The Reserve Bank of India today released the document "Macroeconomic and Monetary Developments: Third Quarter Review 2005-06" to serve as a backdrop to the Third Quarter Review of the Annual Statement on Monetary Policy.

The highlights of macroeconomic and monetary developments during 2005-06 so far are:

The Real Economy

  • The robust performance of the Indian economy continued during the second quarter of 2005-06. According to the Central Statistical Organisation (CSO), the economy recorded a real GDP growth 8.1 per cent in the first half of 2005-06, one percentage point higher than a year ago.
  • Manufacturing activity witnessed strong performance during April-November 2005. Cumulative growth during the first eight months at 9.4 per cent was higher than a year ago (9.1 per cent).
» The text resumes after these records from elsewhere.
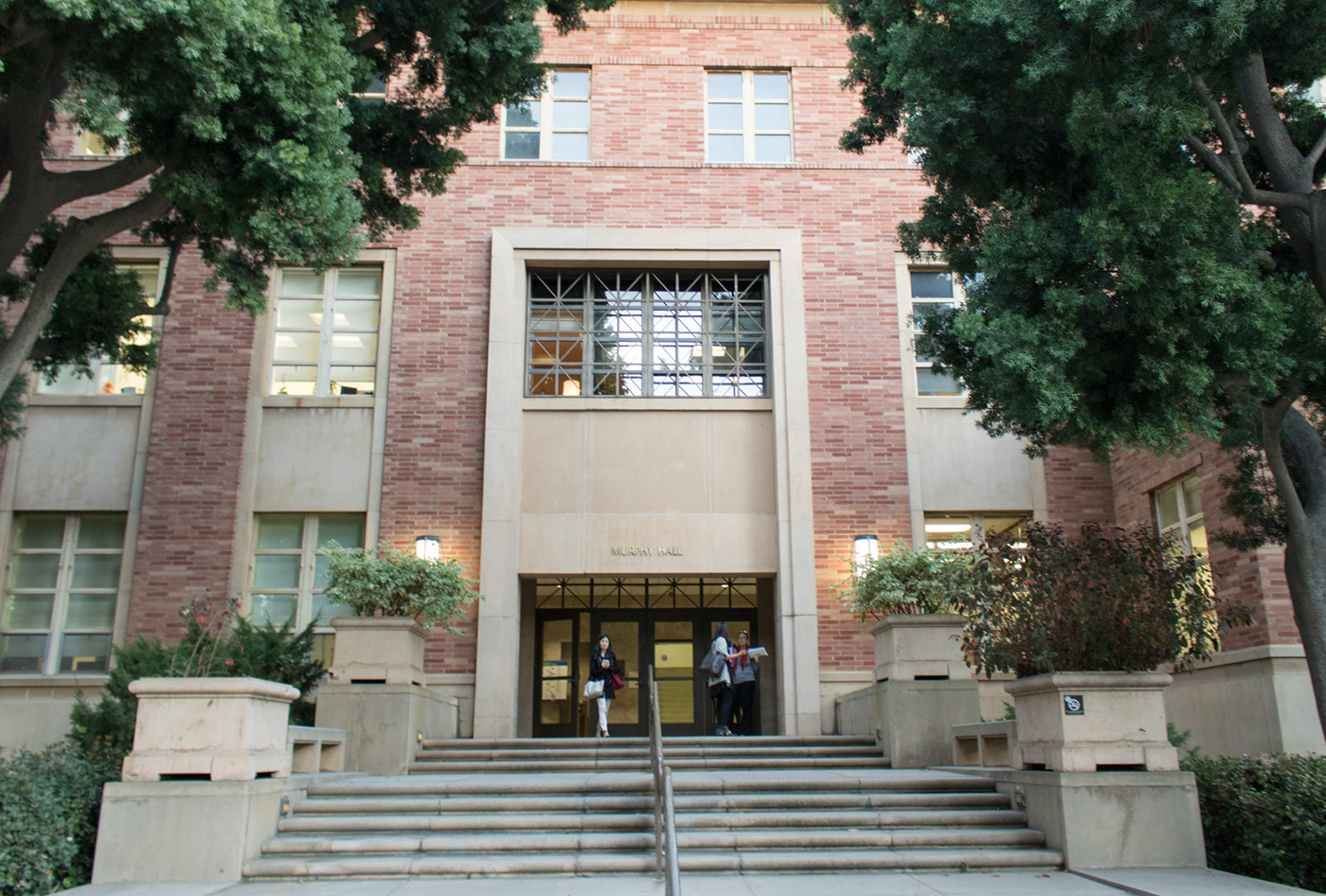 Opinion With Flaws Laid Bare By Pandemic UCLA s Quarter System Needs 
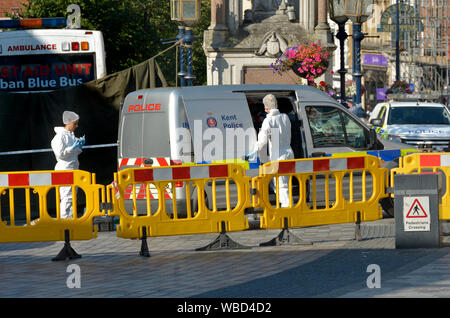 Maidstone, Kent, Großbritannien. Polizei Absperren der Innenstadt auf einem Sonntag Morgen während der forensischen Teams der Schauplatz von mehreren Messerstechereien über Nacht zu untersuchen. Stockfoto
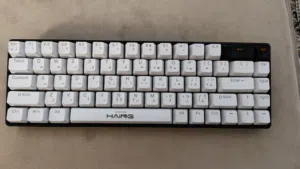 كيبورد ابيض, عربي و انقليزي ، بلوتوث و usb wireless و wired و brown switches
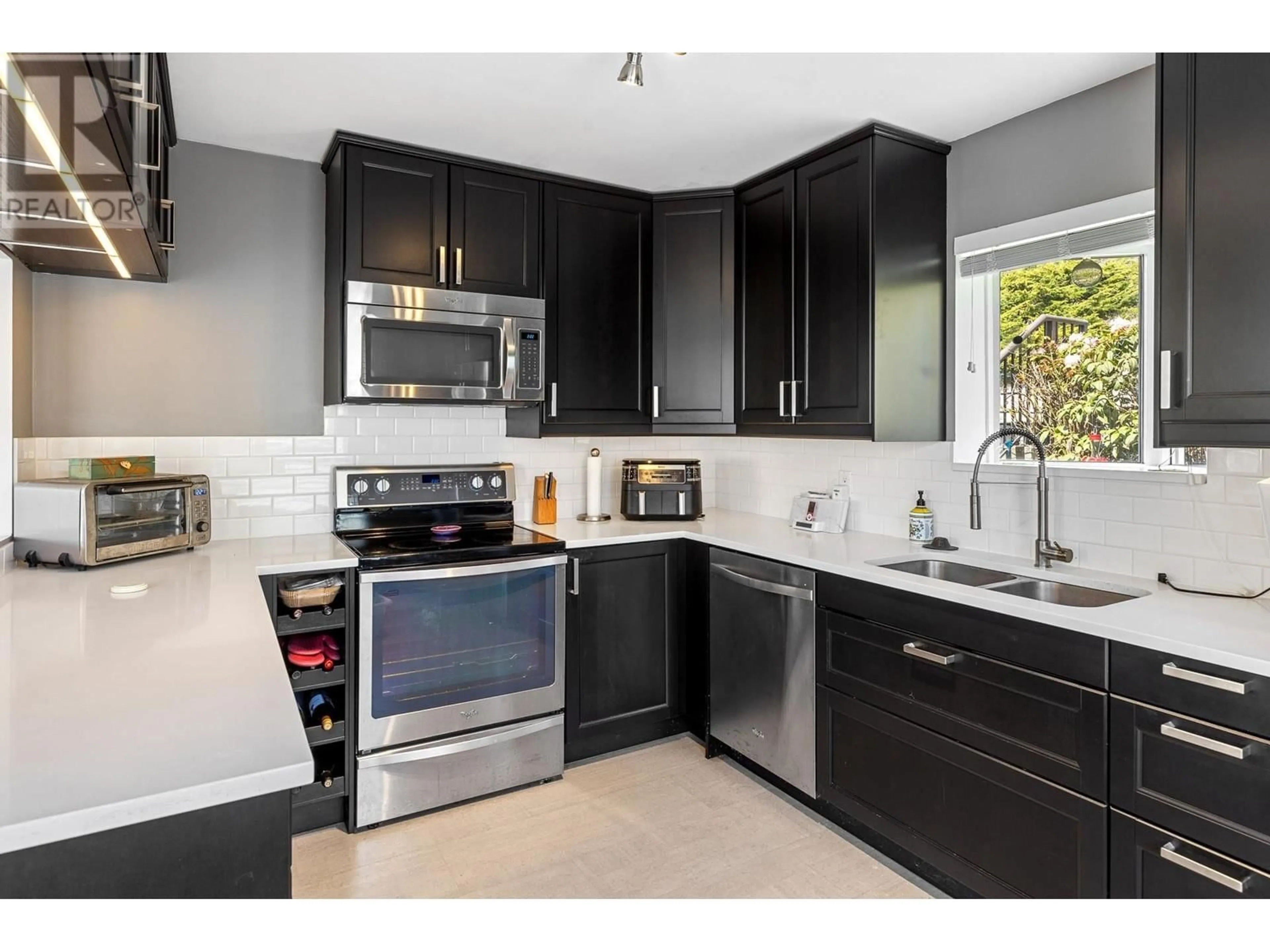 Standard kitchen for 322 1215 LANSDOWNE DRIVE, Coquitlam British Columbia V3E2P6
On the whole, industrial production recorded a growth of 8.3 per cent on top of 8.6 per cent in the corresponding period of the preceding year.
  • Latest available information on the major indicators related to the services sector indicates continued buoyancy in 2005-06
  • The normal South-West monsoon, the sustained growth of the manufacturing, the buoyancy in services and the positive business confidence and expectations have further brightened growth prospects for 2005-06.

Fiscal Situation

  • The available information on finances of the Central Government for the first eight months of 2005-06 (April-November) indicates improvement in key fiscal variables due to continued buoyancy in tax collections and containment of growth in non plan expenditure.
  • Gross and net market borrowings (excluding issuances under market stabilisation scheme) of the Centre (up to January 18, 2006) amounted to 82.6 per cent and 80.0 per cent of the Budget Estimates as compared with 63.7 per cent and 45.0 per cent, respectively, a year ago. The higher recourse by the Centre to market borrowings during 2005-06 so far than a year ago reflects the discontinuation of the Debt Swap Scheme (DSS), the proceeds of which were available for financing its Gross Fiscal Deficit during 2004-05.
  • States have raised an amount of Rs.15,702 crore during 2005-06 so far (up to January 18, 2006), which is 65.1 per of their gross allocation for 2005-06.
  • The utilisation of WMA and overdraft by the States was significantly lower than a year ago.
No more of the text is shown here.